— Data for this task —
------------------------------

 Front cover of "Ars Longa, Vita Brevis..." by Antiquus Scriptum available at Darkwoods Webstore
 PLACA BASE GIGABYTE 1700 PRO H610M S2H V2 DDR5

------------------------------

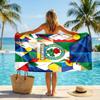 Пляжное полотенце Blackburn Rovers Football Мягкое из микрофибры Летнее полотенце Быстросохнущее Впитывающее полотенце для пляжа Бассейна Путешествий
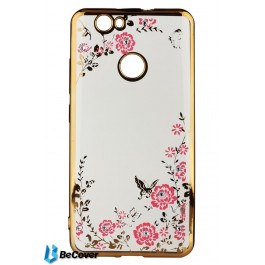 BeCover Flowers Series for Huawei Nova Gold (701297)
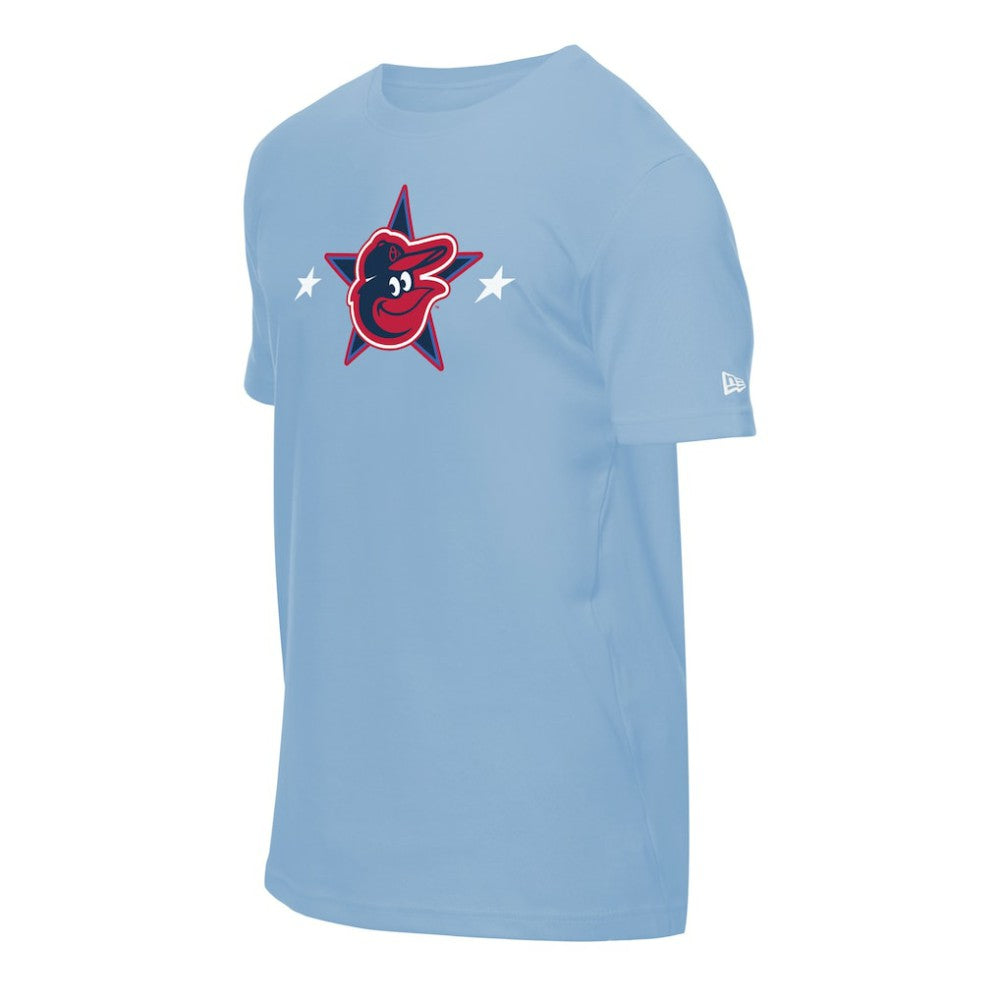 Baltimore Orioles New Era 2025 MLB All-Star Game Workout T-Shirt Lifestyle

------------------------------

— Task —
In the listing above, find the line holding "BeCover Flowers Series" and the line holding "Baltimore Orioles New". Reproduce those two lines and all between them exactly, leaving out pictures.

— Your solution —
 BeCover Flowers Series for Huawei Nova Gold (701297)
 Baltimore Orioles New Era 2025 MLB All-Star Game Workout T-Shirt Lifestyle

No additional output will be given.